Wednesday, December 11, 2013
By Leslie Bridgers email@example.com
The years-long legal battle over Pike Industries' Westbrook quarry isn't over yet.
Pike Industries' Spring Street quarry in the city of Westbrook. Photographed on Monday, November 16, 2009.
Gregory Rec / Staff Photographer
The Maine Business and Consumer Court ruled Tuesday that a consent agreement among Pike, Idexx and the city conflicts with a newly adopted zoning ordinance regulating the use of the quarry.
The difference between the two documents is that each says it trumps the other, according to a decision by Chief Justice Thomas Humphrey.
The consent decree was formed in 2010, after Idexx raised concerns about Pike's right to quarry there. Both companies were planning expansions of their operations on adjacent sites at the time.
The agreement put limits on noise, vibrations and other effects of blasting and transporting rock in the quarry on Spring Street.
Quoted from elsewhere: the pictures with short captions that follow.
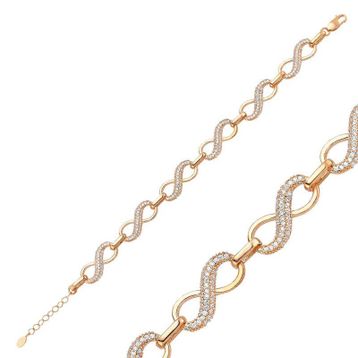 Gumush Sonsuzluk Gümüş Bayan Bileklik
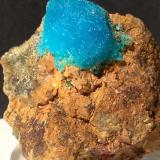 Chalcanthite<br />Boccheggiano Mines, Montieri, Grosseto Province, Tuscany, Italy<br />78 x 61 mm<br /> (Author: Sante Celiberti)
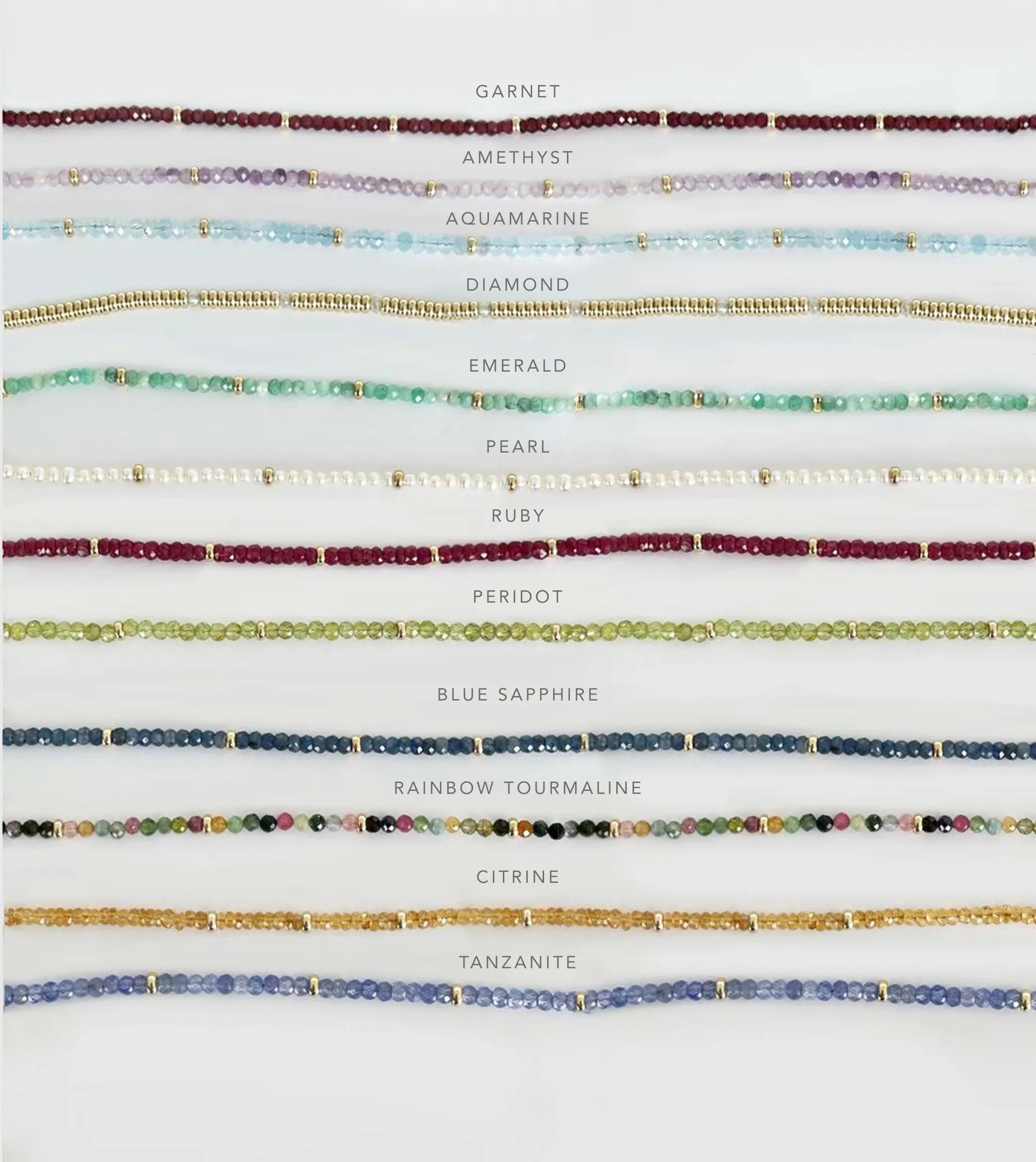 Gold Name Birthstone Necklace sold by EF Collection product image thumbnail 4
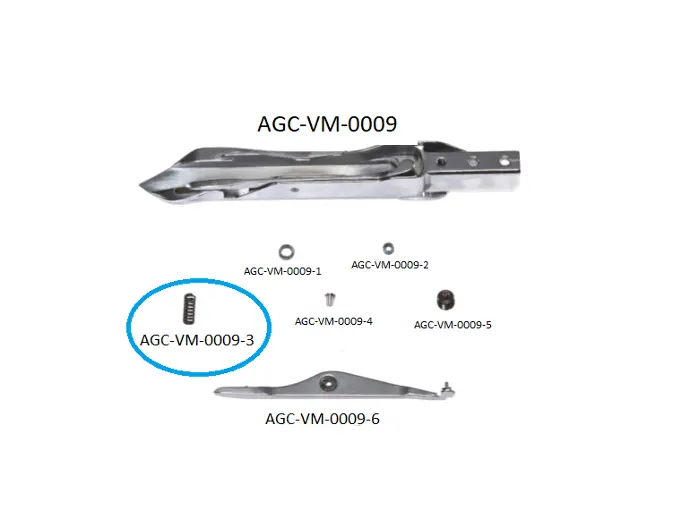 VDW  CRP - HCP RIGHT  RAPIER HEAD PARTS 3 / VDW  CRP - HCP SAĞ MEKİK PARÇALARI 3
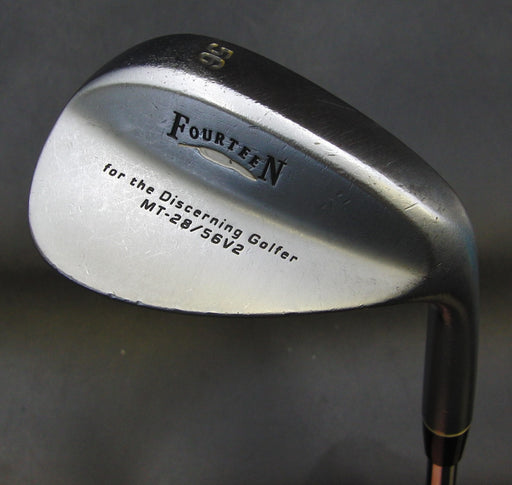 Japanese Fourteen MT-28 56V2 Forged 56° Sand Wedge Wedge Flex Steel Shaft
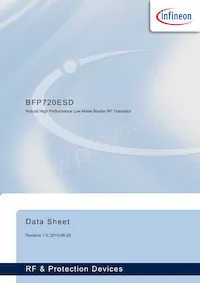 BFP720ESDH6327XTSA1數據表 封面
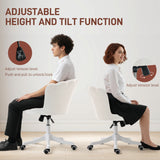 Office Chair, Armless Swivel Desk Chair with Adjustable Height, Tilt Function for Office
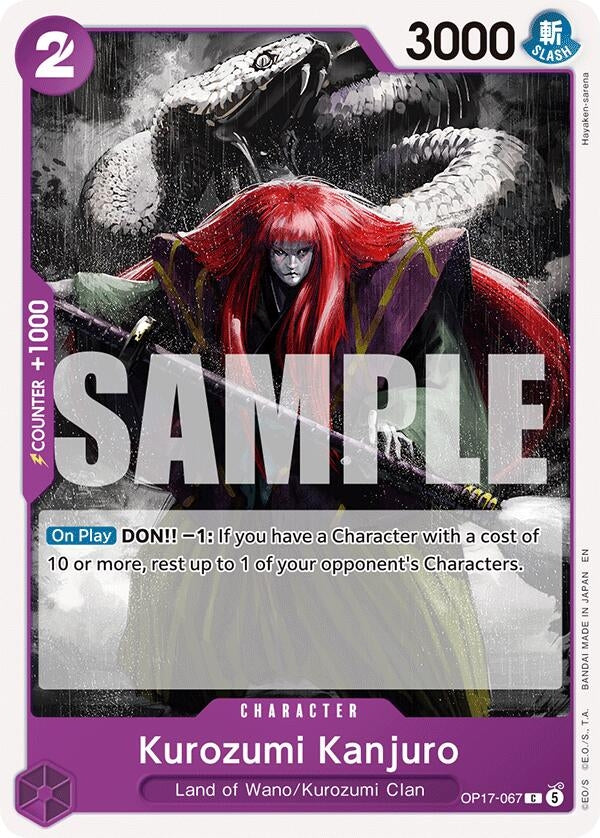 Image for Kurozumi Kanjuro (OP17-067) (OP17) - One Piece Card Game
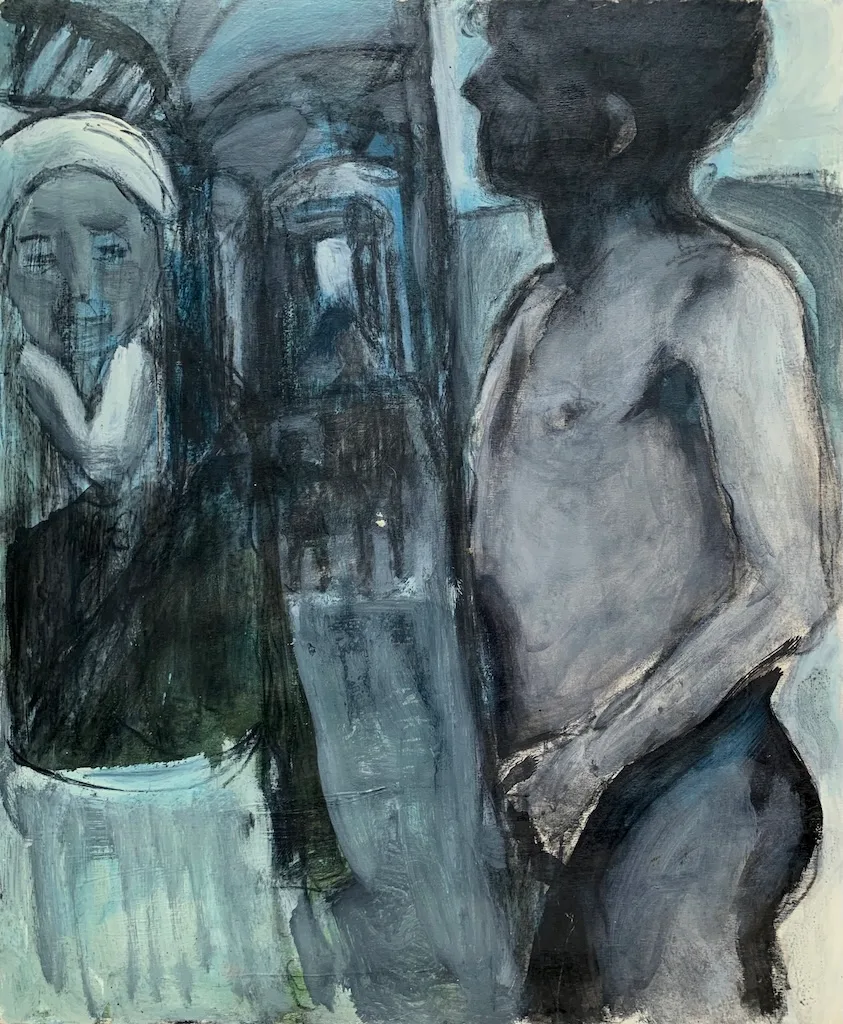 Storie di Genova 40x50cm dipinto di Paolo Amoretti
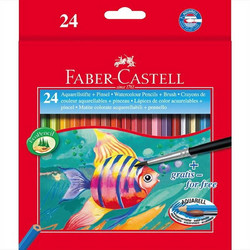Faber-Castell Aquarel Ξυλομπογιές Ακουαρέλας Σετ 24τμχ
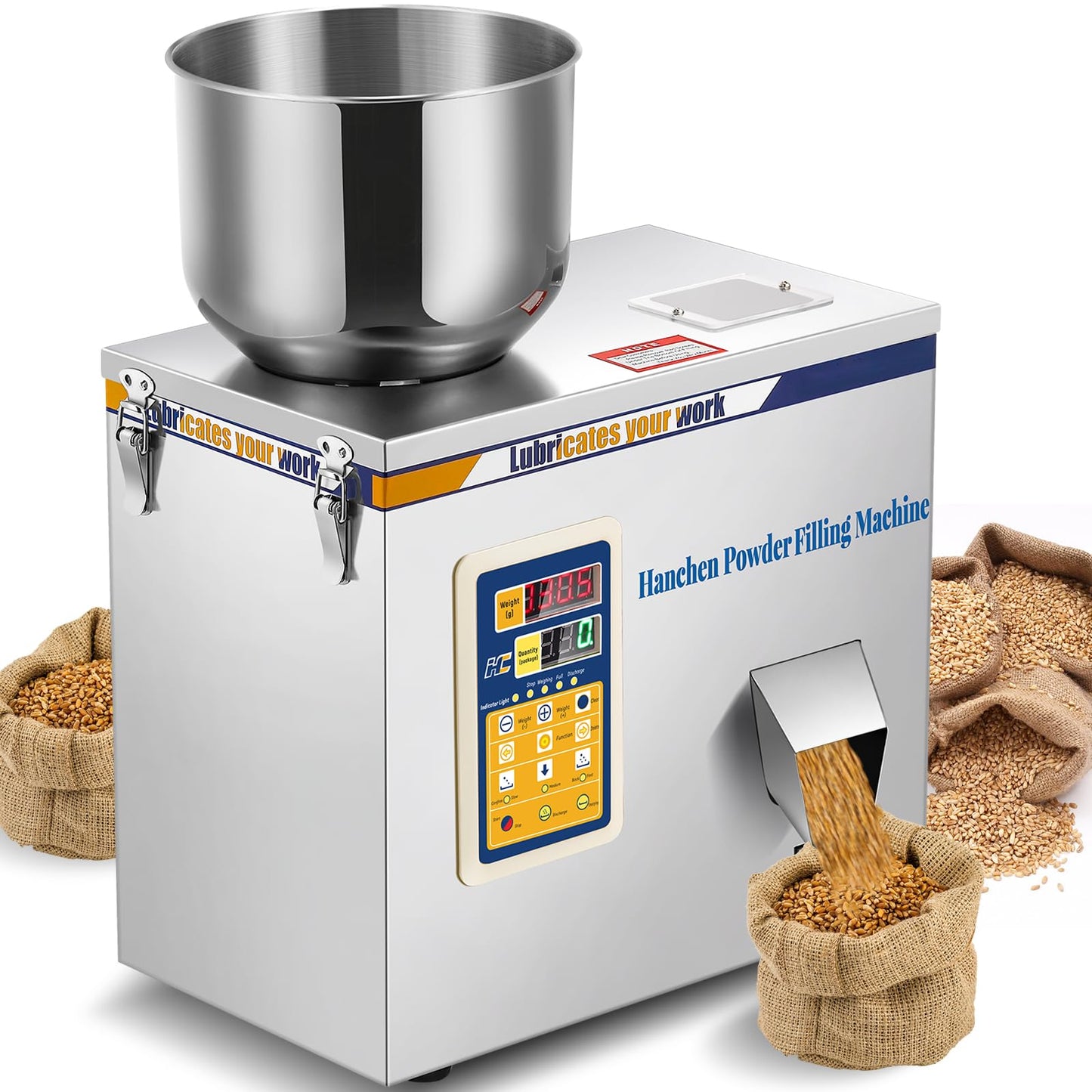 Smart Digital Powder Filling Machine & Particle Granule Dispenser - Hands-Free Infrared/Foot Pedal Control, Precise Measuring for Home & Small Workshops - Boost Efficiency with LED Display Panel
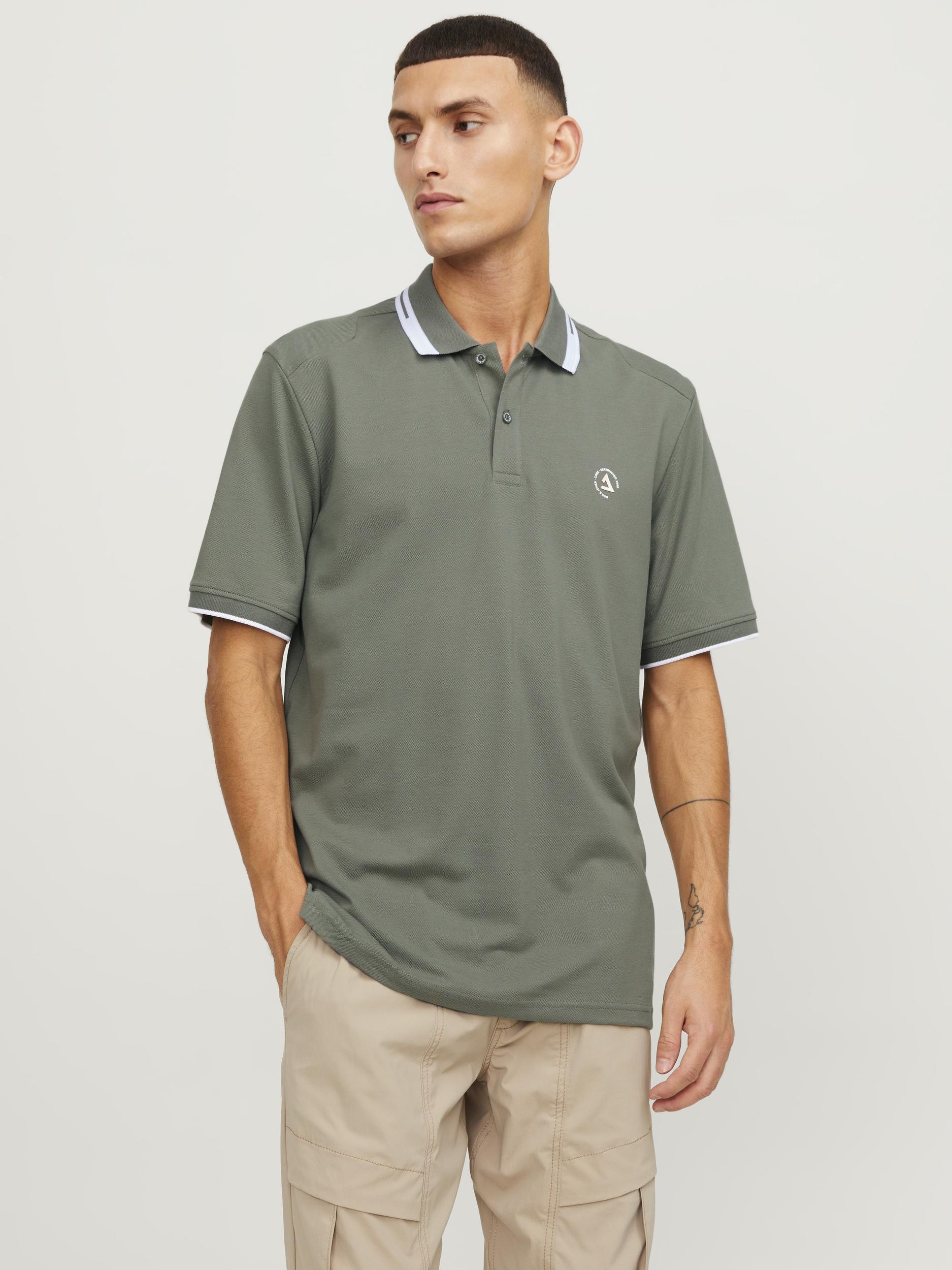 Jack & Jones Poloshirt »JCOHASS LOGO POLO SS LN« von jack & jones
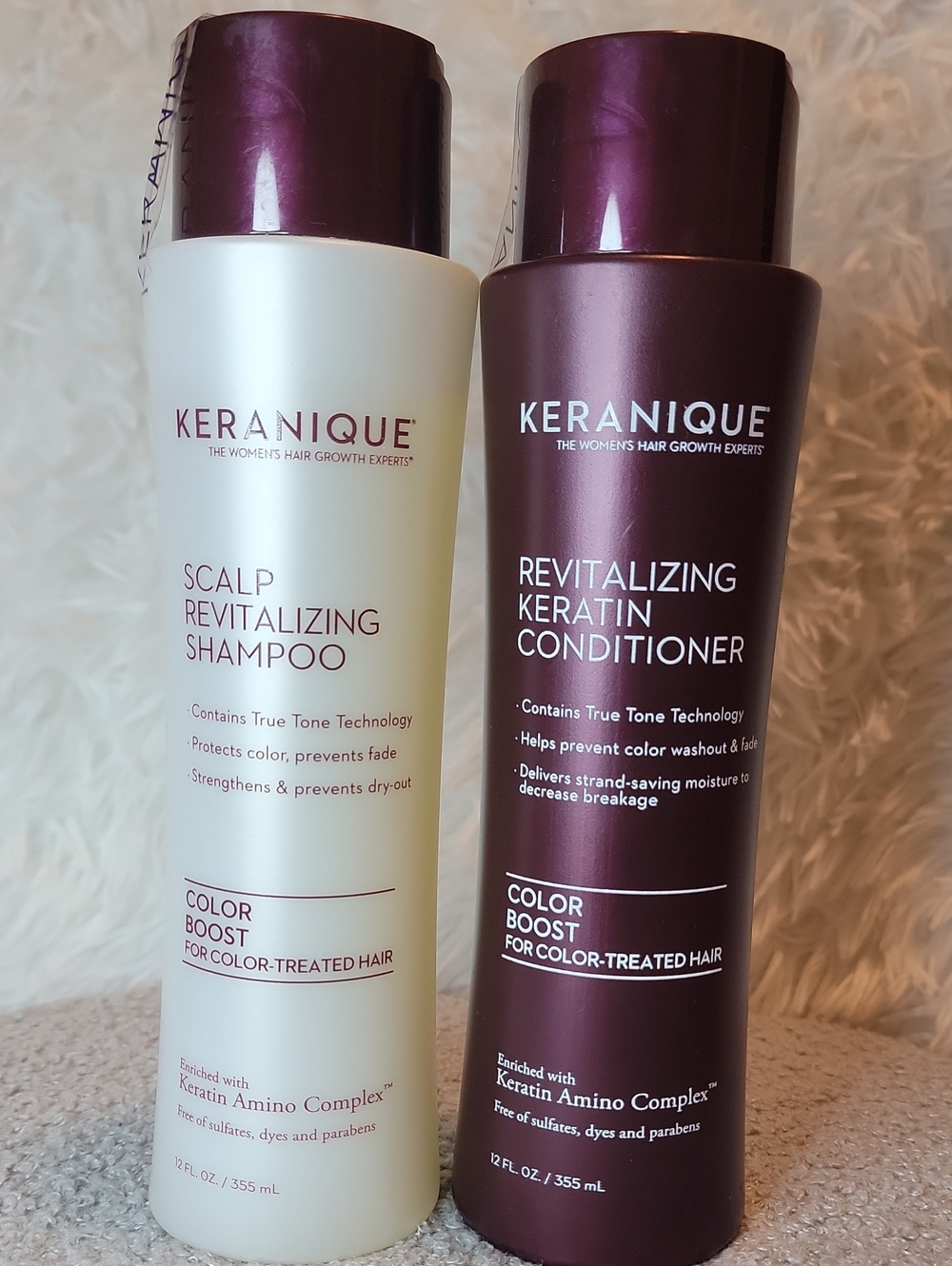 ✨️Keranique✨️Revitalizing Shampoo & Conditioner Set-Color Boost.12 oz.Never Used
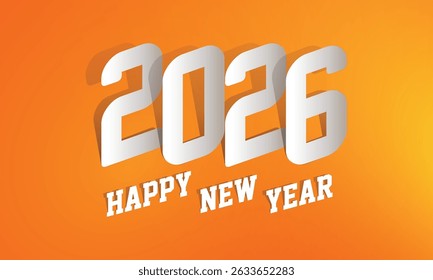Happy new year 2026 creative greeting card design, Year 2026 design element, happy new year 2026 celebrate background.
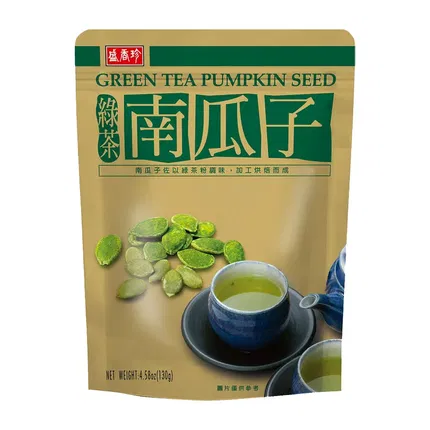 台湾盛香珍 绿茶南瓜子 130g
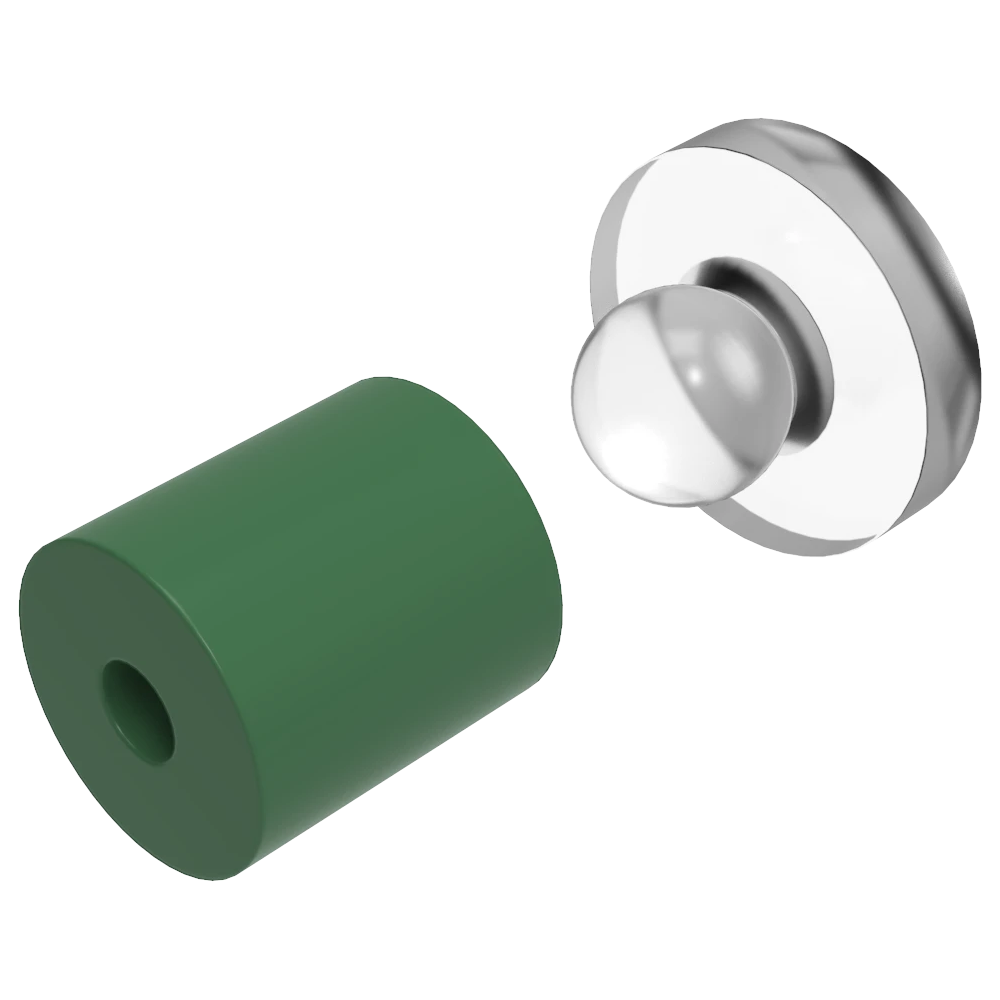 Snapfix Hidden Clip-In Acrylic Standoffs For Signs ~ Medium - Wired4Signs USA - Buy LED lighting online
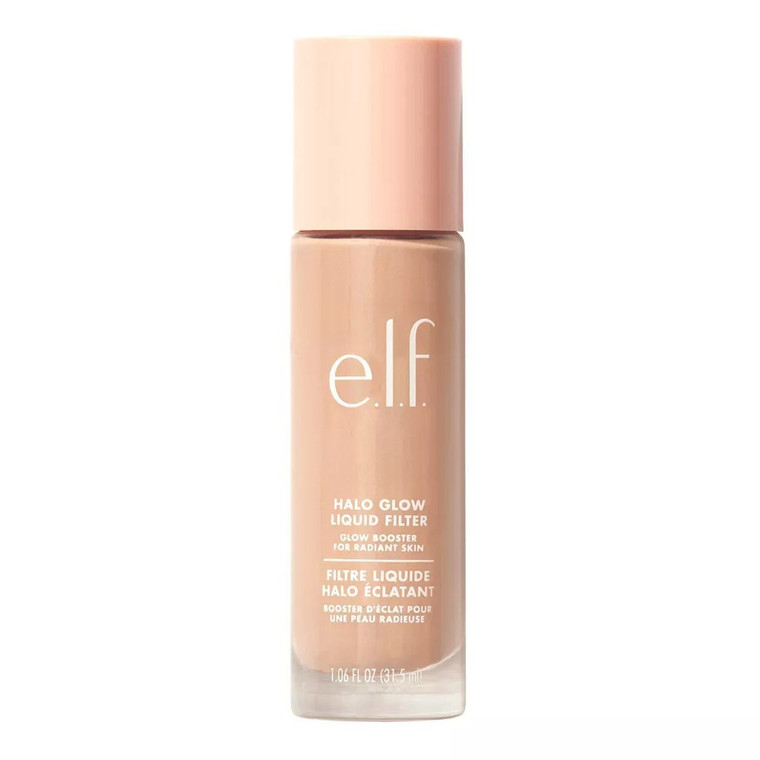 e.l.f. Halo Glow Liquid Filter Highlighter #4 Medium Shade, 1.06 Oz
But other nearby businesses, Artel Inc. and Smiling Hill Farm, were not happy with the consent agreement or the fact that they were left out of negotiating it. They appealed the agreement to the Maine Supreme Judicial Court, which ruled in June that the city would have to enact a zoning ordinance or contract zone in order to enforce the standards laid out in the consent decree.
The supreme court gave preliminary approval of the decree, on the condition that Pike pursue the zoning amendment. The city adopted a zoning ordinance for Pike's property in October.
Artel argued to the business court that there were discrepancies between the consent decree and the city's zoning ordinance. Pike said the differences were inconsequential.
Although the court agreed that most of the differences were not significant, it found that a provision in the consent decree contradicted the zoning ordinance and, because of that, it did not approve the agreement.
The provision in question says the consent decree "is intended to and will supersede and control over any different or conflicting provisions of the Westbrook Code of Ordinances now existing and hereafter enacted," and that if there is a conflict with "any state or federal requirements, the stricter provision shall control."
The city's new zoning ordinance, however, says its "performance and use standards are meant to control over any different, conflicting, or additional performance and use standards."
Humphrey said the court "has serious doubts" about whether the city can forever hand over its authority over a certain piece of land through the consent agreement.
"(Pike is) trying to get provisions that can never be changed. Finally, the court has made it very clear that that's not available," said David Bertoni, Artel's attorney.
Humphrey said Pike can amend the consent decree and present it again to the court, and that a conference would be scheduled next year.
Tony Buxton, attorney for Pike, said he didn't know yet how Pike would proceed because he hadn't discussed the decision with his client as of Tuesday afternoon.
He did say he was "optimistic that this is a bump in the road and nothing more."